The Bureau of Meteorology has again refused to confirm whether its IT systems late last year suffered a serious breach but says it is taking advantage of an infrastructure rebuild centred on its new supercomputer to boost its security posture.
Although Bureau officials would not comment on whether a successful attack had occurred, the agency’s head, Dr Rob Vertessy, said that there were no disruptions to IT systems as a result of a security breach.
In December it was reported that Bureau systems had been compromised by a “major cyber attack” originating in China.
“There have been no security-related disruptions to our service delivery or to our ICT systems at all,” Vertessy, director of meteorology and Bureau of Meteorology CEO, told a Senate Estimates hearing today.
All government agencies have security breaches “from time to time,” Vertessy said. The Bureau chief would not comment on media reports about the alleged hack but said there was some “wild stuff” in some of them.
“If we could just dispel one notion that there was some particular event on a day that was akin to a denial of service or a ‘bring down of the system’ – no such event occurred,” Vertessy said.
“The Bureau like all agencies has an active program of improving its ICT security posture and we are in the fortunate circumstance because we are rebuilding some of our ICT infrastructure chiefly around the supercomputer which government funded in the last budget,” Vertessy told the Estimates hearing.
“We’ve got the ability now to redesign the architecture of our systems such that we have improved ICT security,” Vertessy said.
Independent South Australian Senator Nick Xenophon has been pushing for a parliamentary inquiry in the aftermath of the reports about the alleged breach.

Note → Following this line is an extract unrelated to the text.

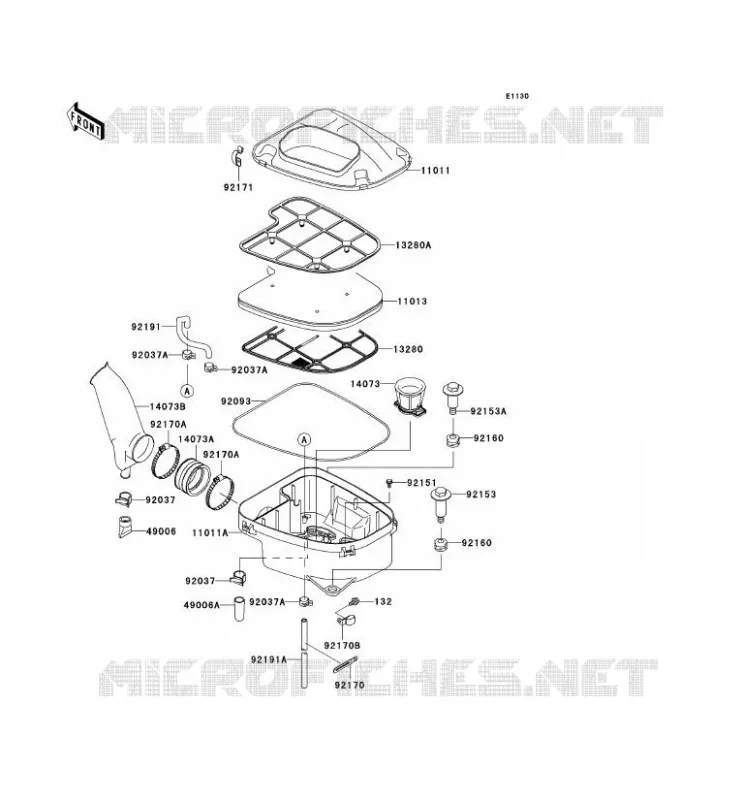 FILTRE A AIR Kawasaki QUAD 650 2002 KVF650  KVF650-A1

The Bureau’s new supercomputer is currently undergoing acceptance testing, said Dr Lesley Seebeck, the organisation’s CIO.

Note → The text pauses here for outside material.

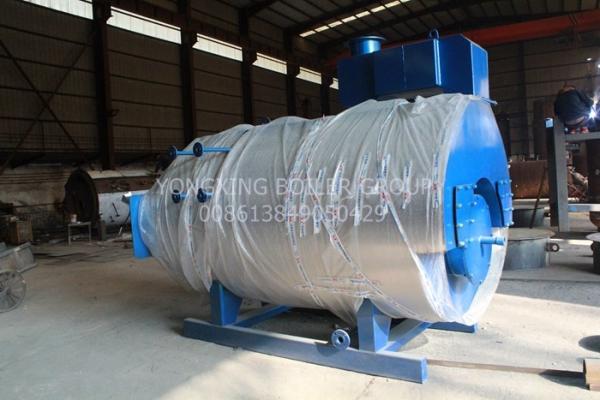 Commercial Food Factory Gas Fired Steam Boiler Fire Tube Structure CE Certificat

The new supercomputer will result in major upgrade of the organisation’s weather forecasting capabilities.
The organisation revealed last year that Cray was the successful tenderer for the program. The new Cray XC40 supercomputer will have an initial 1660 teraflop capability, which will eventually be boosted to 5 petaflops.

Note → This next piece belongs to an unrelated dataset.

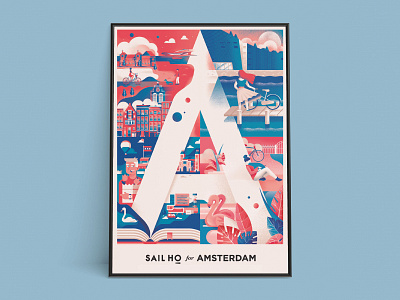 De Eerste - Sail Ho studio exhibition amsterdam chiara vercesi city collaboration event exhibition illustration poster sail ho studio shostudio vector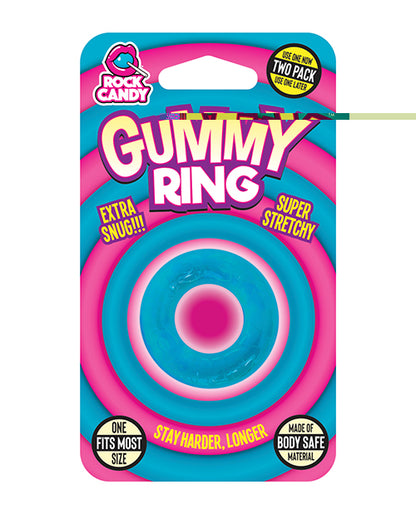 Rock Candy Gummy Ring - Blue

The first phase of the project is expected to be completed in mid-2016.
The Bureau is working to ensure there isn’t a repeat of the network outage the organisation suffered early last month, Seebeck said.
A faulty switch brought down the Bureau’s entire network at 6am on 8 January. Core systems were restored by around 11.30am, with the remainder of the systems being accessible by the end of the day, the CIO said.
The CIO’s team are undertaking a series of activities to learn from the events and investigate how the Bureau’s systems can be hardened and redundancy improved.
“I should note that we have to be careful whenever we do any changes to our systems because we have to remain up, operational 24/7, 365 days a year,” Seebeck said.
“We tend to therefore only have windows of opportunity, which are aligned with the weather. So we’re also very, very careful about when we can do maintenance and upgrades and as a result things may take a little longer than they would in a different department or agency.”